Sentenza definitiva per figlio e fratello del boss Belforte

La Cassazione respinge i ricorsi per Salvatore e Benito

La Corte di Cassazione ha respinto i ricorsi presentati da Benito Belforte, 48 anni, di Marcianise, e Salvatore Belforte, 35 anni, anche lui di Marcianise, rispettivamente fratello e figlio del capoclan  Domenico Belforte. I due erano stati condannati a gennaio 2019 a pene di 2 anni ed 8 mesi ed 8 anni di carcere dalla Corte d’Appello di Napoli per le estorsioni ai danni di un’azienda ed una ditta funebre di Marcianise.

Nelle motivazioni degli ermellini, con le quali vengono respinti i ricorsi, si spiega: “La sentenza di primo grado ha ampiamente chiarito che la richiesta estorsiva che aveva come mandante Salvatore Belforte, era stata veicolata, proprio dallo zio Benito, materiale esecutore della richiesta.

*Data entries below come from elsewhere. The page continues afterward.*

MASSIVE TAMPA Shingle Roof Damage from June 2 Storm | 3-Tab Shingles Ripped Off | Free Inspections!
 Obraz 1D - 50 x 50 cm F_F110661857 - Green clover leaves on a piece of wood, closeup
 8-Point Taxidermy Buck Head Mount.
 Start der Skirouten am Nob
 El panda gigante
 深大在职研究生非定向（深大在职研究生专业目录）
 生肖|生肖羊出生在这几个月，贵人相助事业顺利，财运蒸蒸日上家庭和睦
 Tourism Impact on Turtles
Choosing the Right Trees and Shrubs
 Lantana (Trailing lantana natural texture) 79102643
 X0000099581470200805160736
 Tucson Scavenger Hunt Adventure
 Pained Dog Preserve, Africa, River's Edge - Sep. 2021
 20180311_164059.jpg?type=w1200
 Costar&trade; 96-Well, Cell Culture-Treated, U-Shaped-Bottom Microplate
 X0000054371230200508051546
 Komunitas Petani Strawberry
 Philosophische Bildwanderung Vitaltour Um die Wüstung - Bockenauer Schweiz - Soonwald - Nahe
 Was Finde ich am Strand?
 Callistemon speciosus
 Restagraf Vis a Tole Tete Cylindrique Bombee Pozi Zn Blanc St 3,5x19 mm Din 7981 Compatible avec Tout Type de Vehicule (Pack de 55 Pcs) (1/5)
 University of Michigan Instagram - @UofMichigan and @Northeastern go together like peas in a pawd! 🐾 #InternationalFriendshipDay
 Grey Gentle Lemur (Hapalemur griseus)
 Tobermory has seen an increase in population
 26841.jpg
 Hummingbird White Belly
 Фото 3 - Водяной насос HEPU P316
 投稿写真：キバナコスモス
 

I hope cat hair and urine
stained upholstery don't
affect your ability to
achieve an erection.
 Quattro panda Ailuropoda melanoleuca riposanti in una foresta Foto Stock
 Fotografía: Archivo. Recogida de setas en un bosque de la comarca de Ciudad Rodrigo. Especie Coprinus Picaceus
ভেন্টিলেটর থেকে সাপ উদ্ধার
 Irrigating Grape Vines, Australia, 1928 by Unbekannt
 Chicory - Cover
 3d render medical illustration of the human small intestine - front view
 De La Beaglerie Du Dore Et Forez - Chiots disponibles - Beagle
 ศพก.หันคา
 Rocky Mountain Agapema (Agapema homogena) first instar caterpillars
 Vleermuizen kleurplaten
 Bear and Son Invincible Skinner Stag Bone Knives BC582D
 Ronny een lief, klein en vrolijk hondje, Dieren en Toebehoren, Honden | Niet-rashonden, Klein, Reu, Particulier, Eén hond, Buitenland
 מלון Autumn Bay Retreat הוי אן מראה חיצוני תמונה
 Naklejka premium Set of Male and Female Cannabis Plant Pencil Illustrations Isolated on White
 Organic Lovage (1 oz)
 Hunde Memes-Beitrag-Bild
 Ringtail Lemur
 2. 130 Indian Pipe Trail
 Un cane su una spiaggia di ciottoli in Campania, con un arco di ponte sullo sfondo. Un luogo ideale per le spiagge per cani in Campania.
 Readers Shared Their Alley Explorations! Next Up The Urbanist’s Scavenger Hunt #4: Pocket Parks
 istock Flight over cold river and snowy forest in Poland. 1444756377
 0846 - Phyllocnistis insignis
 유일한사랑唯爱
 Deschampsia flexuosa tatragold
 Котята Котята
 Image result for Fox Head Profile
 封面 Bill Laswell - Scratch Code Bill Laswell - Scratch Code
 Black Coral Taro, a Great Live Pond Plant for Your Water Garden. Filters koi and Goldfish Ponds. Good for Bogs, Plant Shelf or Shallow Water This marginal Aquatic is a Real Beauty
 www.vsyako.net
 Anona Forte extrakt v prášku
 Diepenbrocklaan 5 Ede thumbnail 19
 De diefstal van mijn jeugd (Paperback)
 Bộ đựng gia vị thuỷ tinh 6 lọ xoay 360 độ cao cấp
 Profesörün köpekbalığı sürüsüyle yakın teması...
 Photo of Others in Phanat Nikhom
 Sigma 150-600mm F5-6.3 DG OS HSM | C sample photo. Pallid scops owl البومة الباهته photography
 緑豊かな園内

Benito Belforte viene indicato, dal primo giudice, come emissario della famiglia "retta", in quel momento storico, dal nipote Salvatore, stante l'applicazione di misura cautelare ai danni della madre Maria Buttone, oltre al regime di detenzione di cui all'art. 41-bis OP, in atto nei confronti del capo clan Domenico Belforte. Il provvedimento, poi, evidenzia con motivazione chiara e logica, la diretta confluenza dei proventi dell'attività nella gestione contabile del sodalizio così, evidentemente, affermando la sussistenza della condotta di agevolazione dell'associazione di stampo camorristico e degli interessi economici del can, attraverso la materiale esecuzione dell'attività illecita”.

E neanche è valso il tentativo dei legali di far passare la richiesta al titolare della ditta funebre come una richiesta di “un regalo, nell'interesse esclusivo del nipote Salvatore, senza evocare contesti camorristici per ottenerlo in favore della figlia del predetto, poiché Salvatore, all'epoca, versava in gravi condizioni economiche”. Inoltre l’avvocato ha provato a dimostrare che il clan con a capo Salvatore Belforte sarebbe durato appena 8 mesi, mentre in realtà per i giudici della Cassazione, richiamando la sentenza d’Appello, tendono “a retrodatare al 2014 la prova della partecipazione. Ampia e logica è, poi, l'indicazione delle ragioni per le quali, nel confronti di Domenico Belforte, nell'ambito del presente processo, non sono elevate imputazioni. Non si sottrae, poi, la Corte territoriale a censure, di identico contenuto già presenti nei motivi di appello, relative alla composizione del gruppo, secondo la contestazione, dando risalto alla nuova consistenza del can, rispetto alla sua originaria formazione, a fronte delle numerose collaborazioni con la giustizia da parte di diversi esponenti del gruppo”. Sulla scorta di queste motivazioni, la Cassazione ha deciso di respingere i ricorsi e condannare entrambi al pagamento delle spese.